• **SUPPLIED DATA**
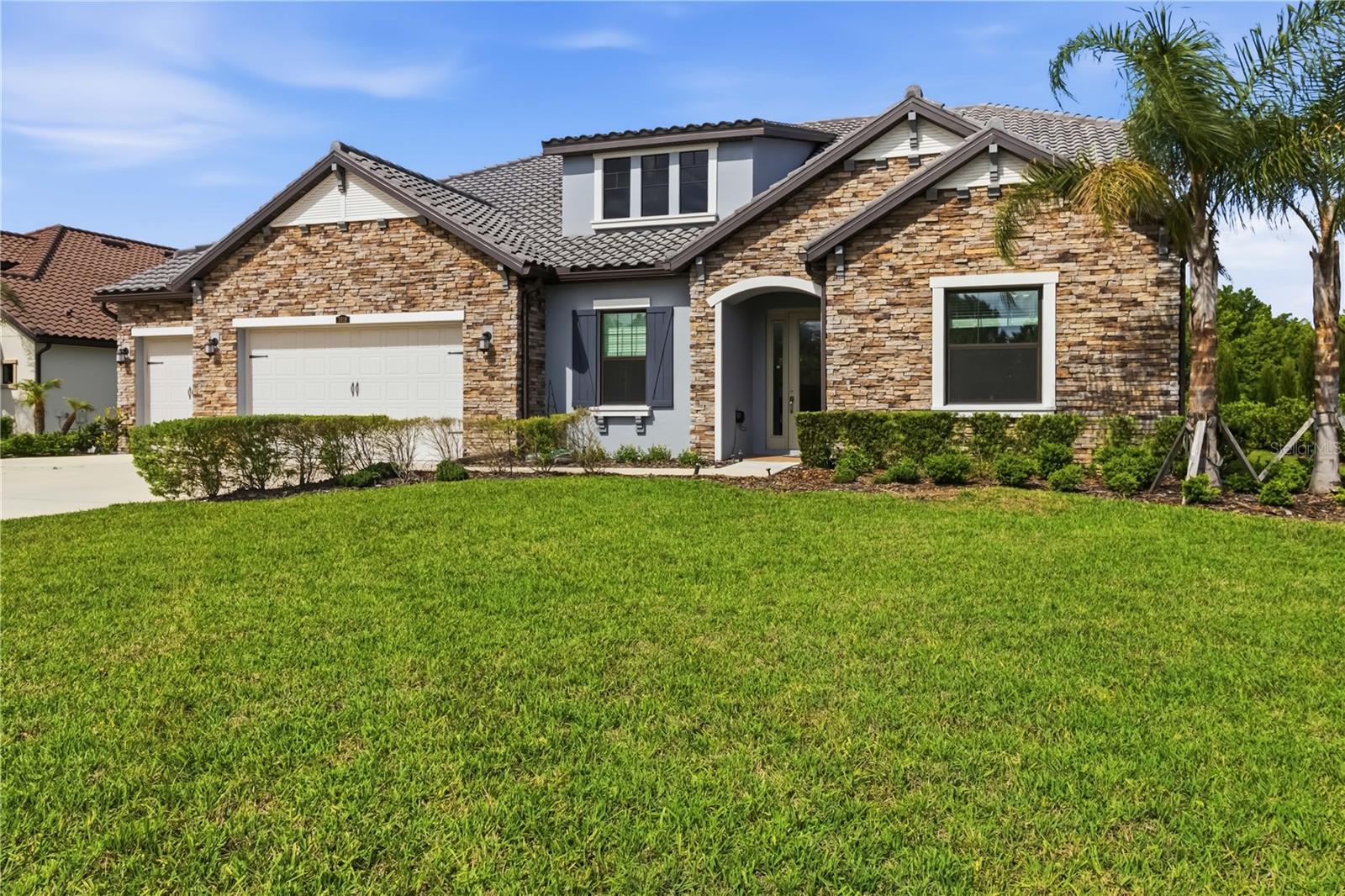 CORDOBA RANCH - Residential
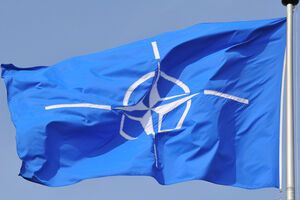 НАТО обсуждает инцидент со сбитым российским бомбардировщиком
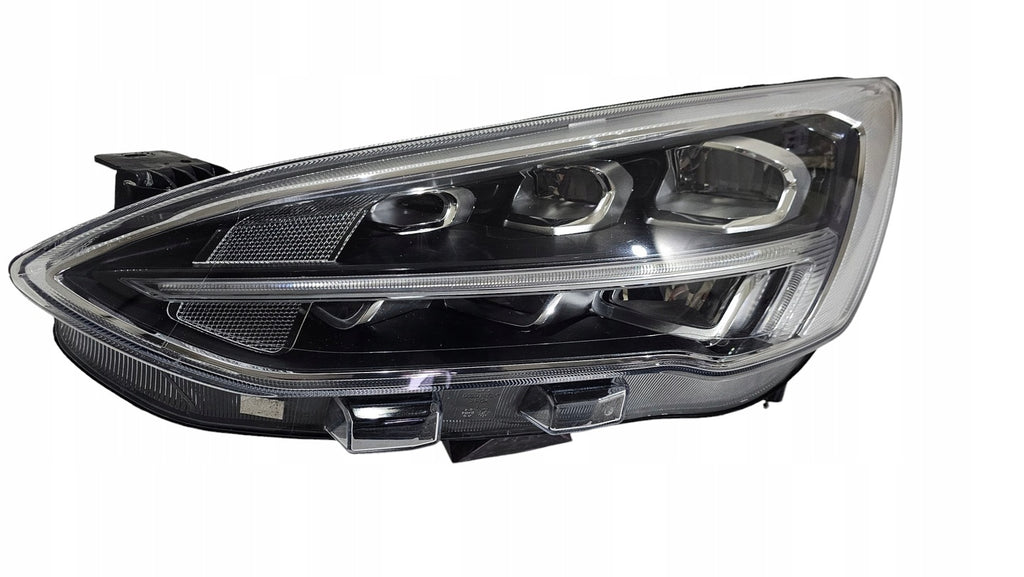 Frontscheinwerfer Ford Focus IV JX7B-13E015-AE LED Links Scheinwerfer Headlight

• **REQUIRED WORK**
Every line of the data above is to be set down exactly; the pictures are not.

• **EXERCISE OUTPUT**
 CORDOBA RANCH - Residential
 НАТО обсуждает инцидент со сбитым российским бомбардировщиком
 Frontscheinwerfer Ford Focus IV JX7B-13E015-AE LED Links Scheinwerfer Headlight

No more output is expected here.